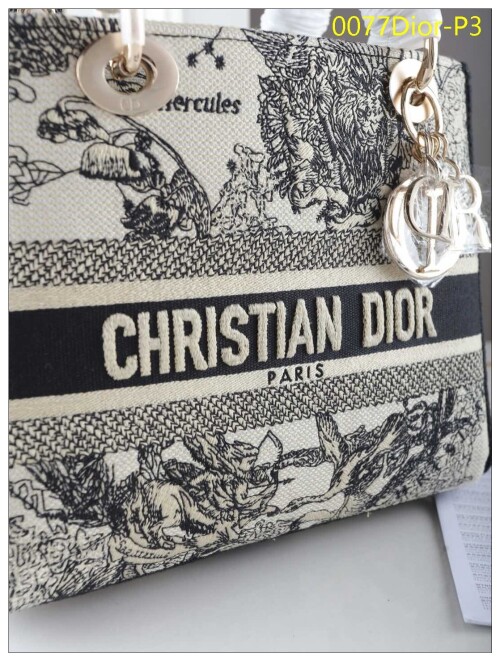 0077Dior P3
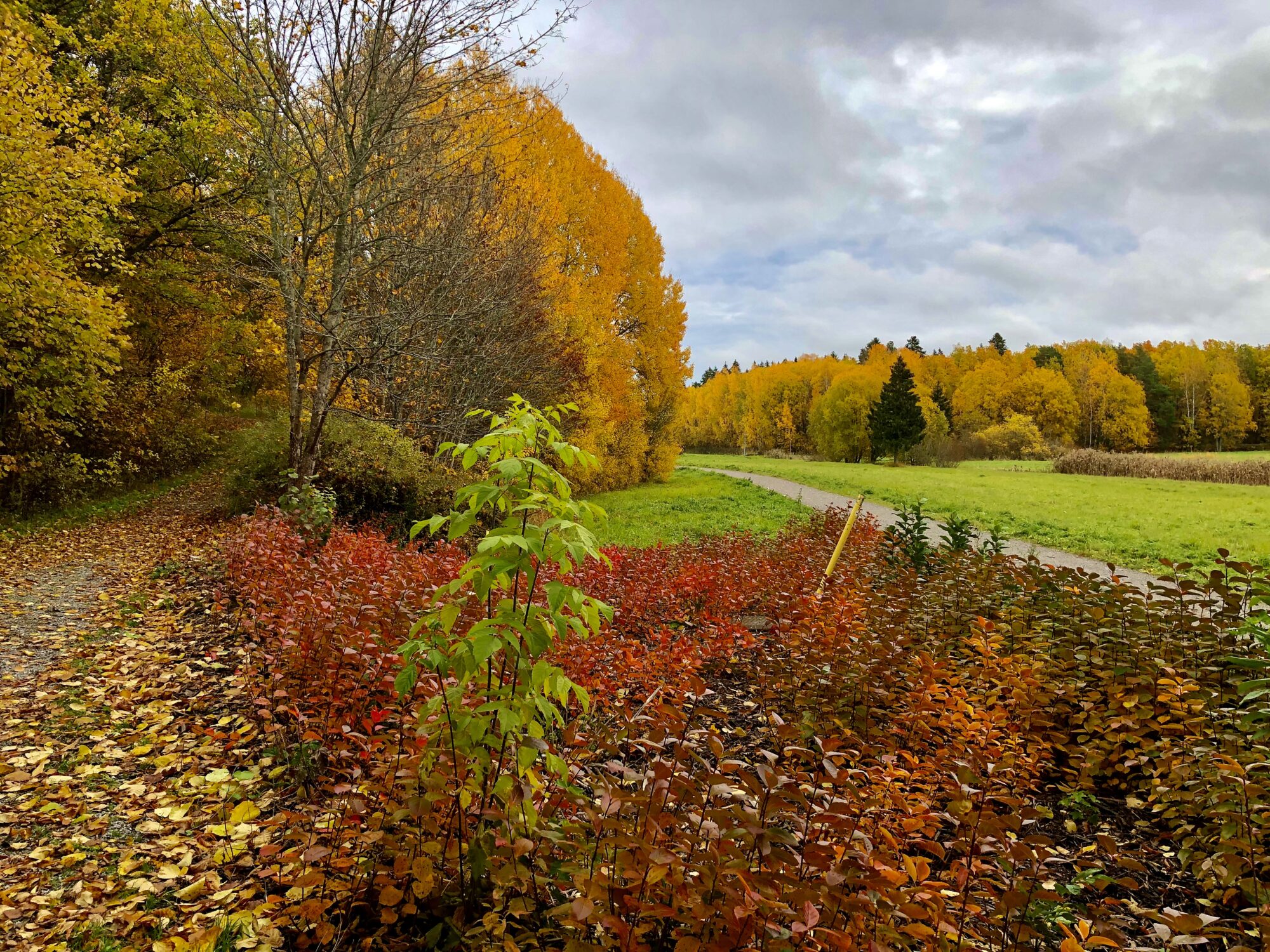 Valokuvaaja: Juhani Peltonen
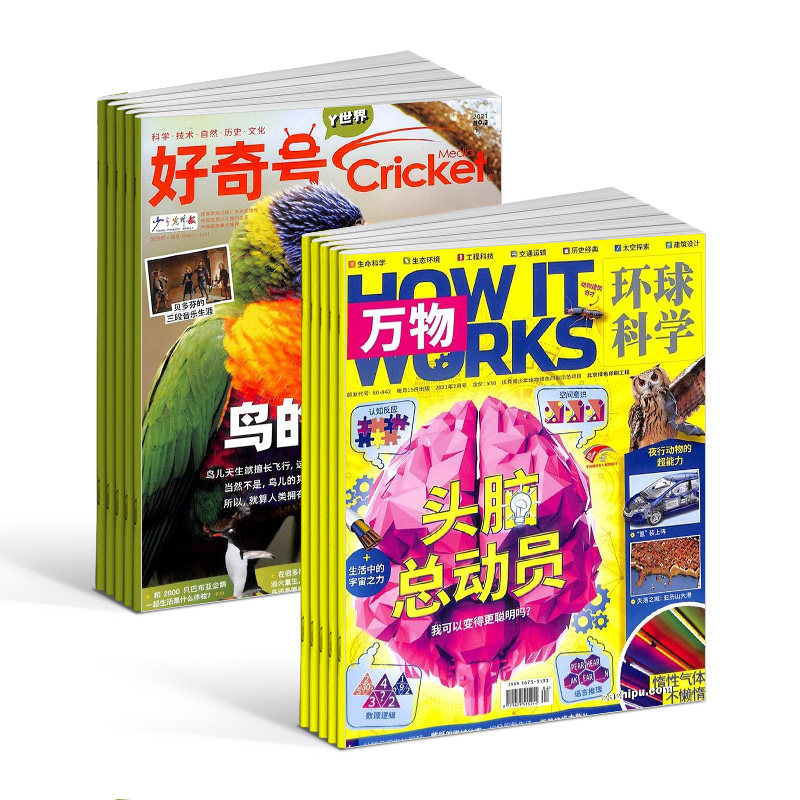 包邮好奇号+万物杂志组合 2023年1月起订组合共24期杂志铺美国Cricket Media版权合作科学历史文化少儿科普期刊书籍_虎窝淘
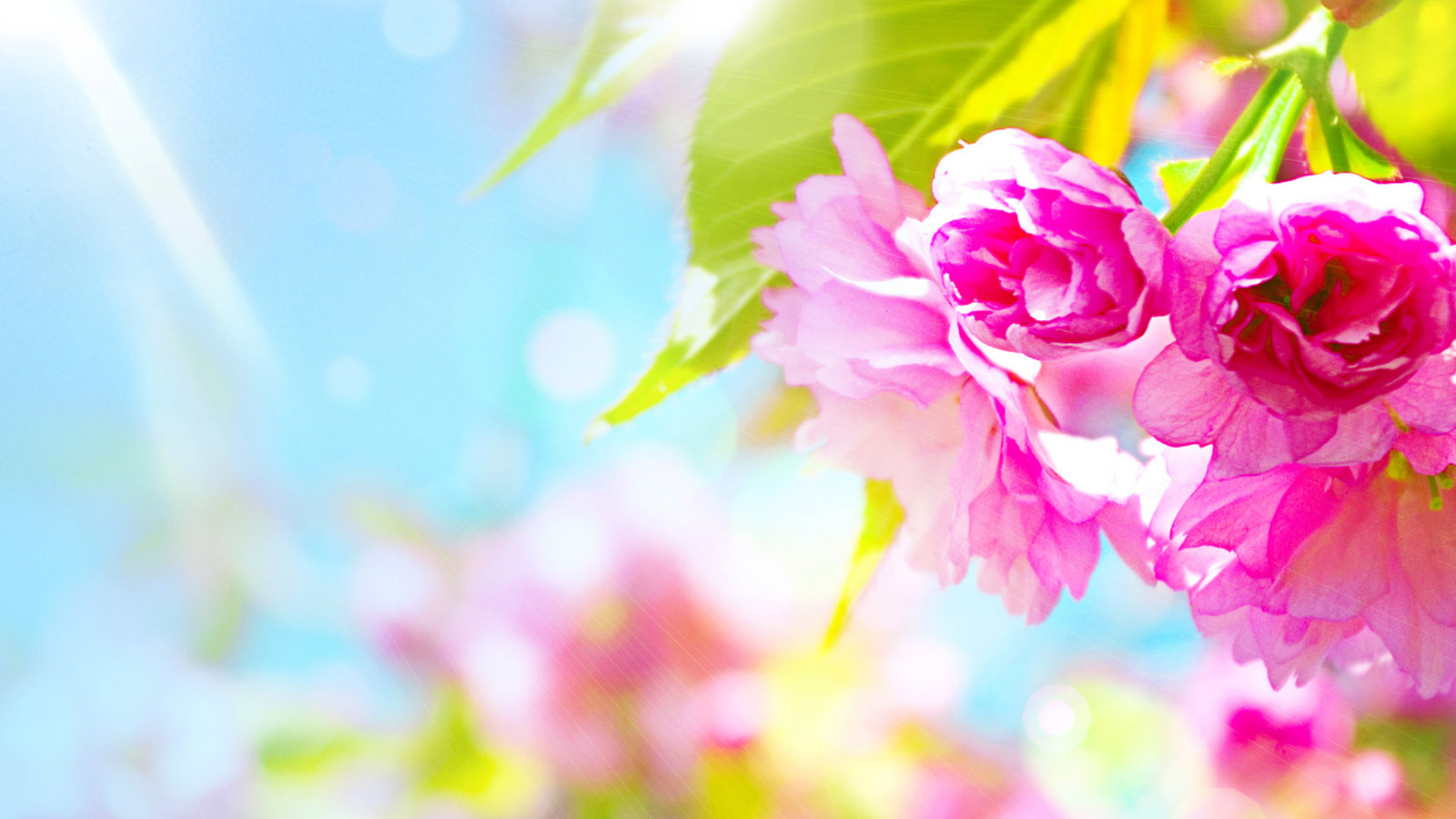 花儿芬芳，精选花卉桌面背景，免费电脑壁纸一键下载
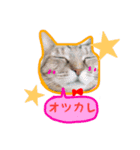 ちいちゃんくまちゃんず（個別スタンプ：6）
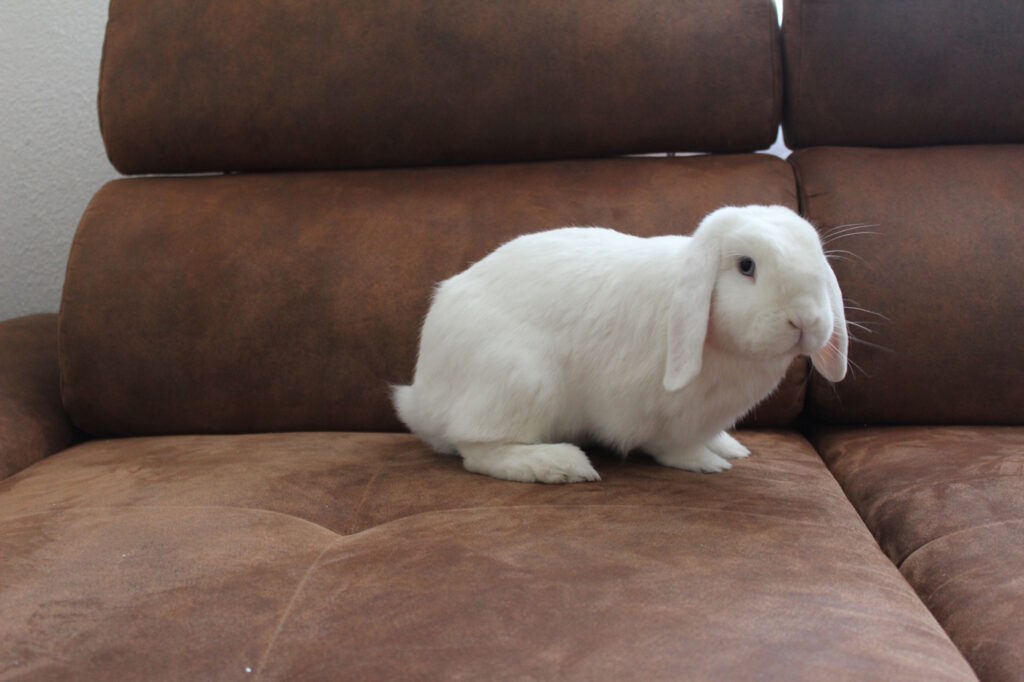 Das Foto zeigt ein Kaninchen auf einem Sofa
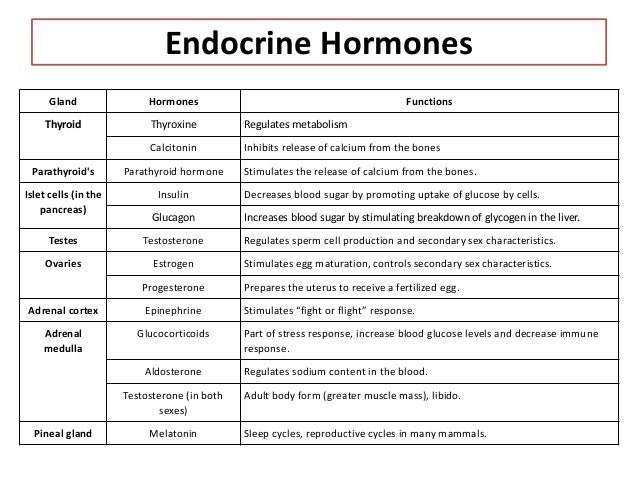 endocrine hormones
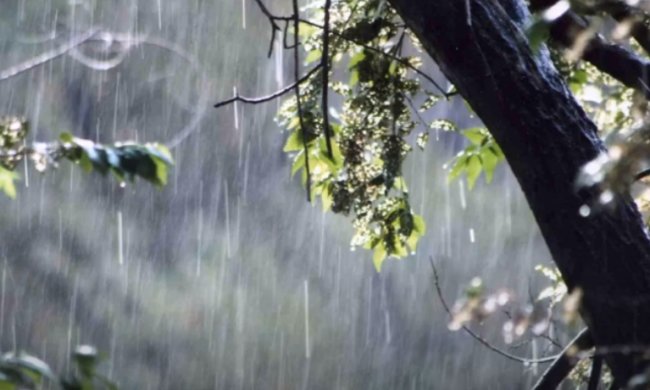 Погода на 4 мая 2020 года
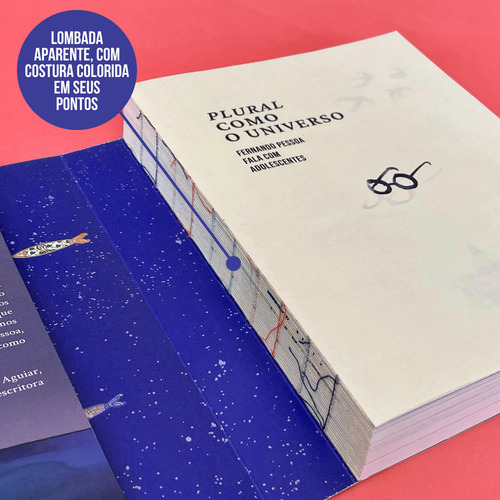 Plural Como O Universo, De Hermes Ursini. Editorial Editora Da Ponte, Capa Mole Em Português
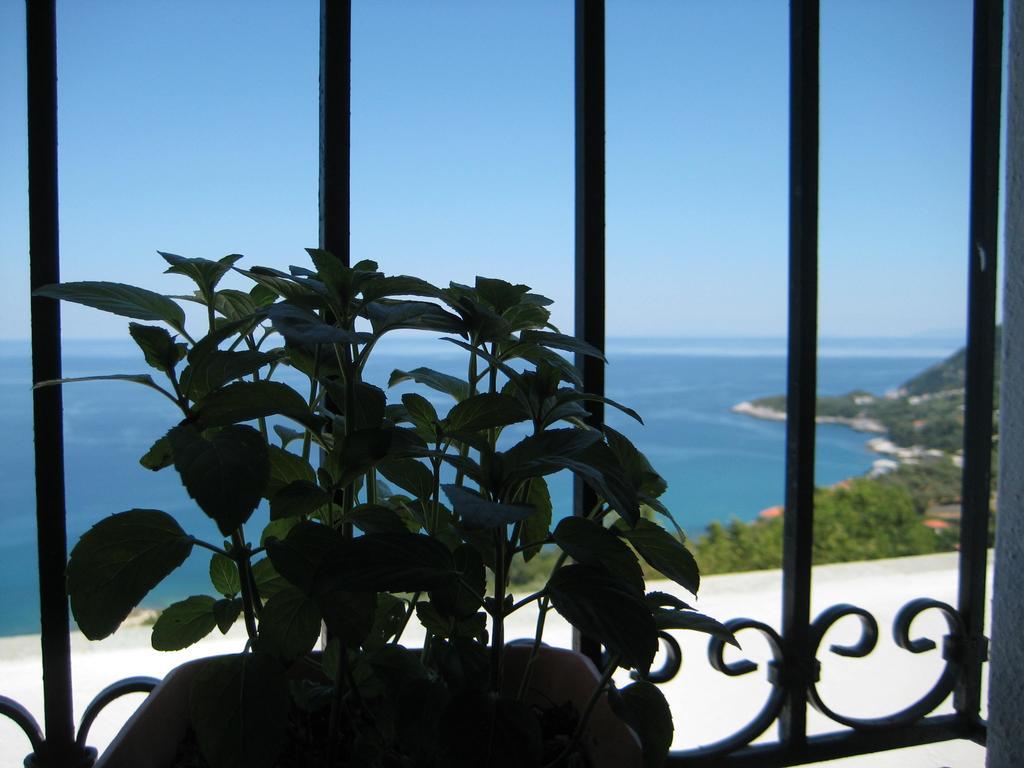 Felitsia Apartments & Studios Agios Ioannis  Kültér fotó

• TO DO
Output only the lines from the line that contains "花儿芬芳，精选花卉桌面背景，免费电脑壁纸一键下载" through the end of the material, both ends included, and skip every picture.

• FINISHED TASK
 花儿芬芳，精选花卉桌面背景，免费电脑壁纸一键下载
 ちいちゃんくまちゃんず（個別スタンプ：6）
 Das Foto zeigt ein Kaninchen auf einem Sofa
 endocrine hormones
 Погода на 4 мая 2020 года
 Plural Como O Universo, De Hermes Ursini. Editorial Editora Da Ponte, Capa Mole Em Português
 Felitsia Apartments & Studios Agios Ioannis  Kültér fotó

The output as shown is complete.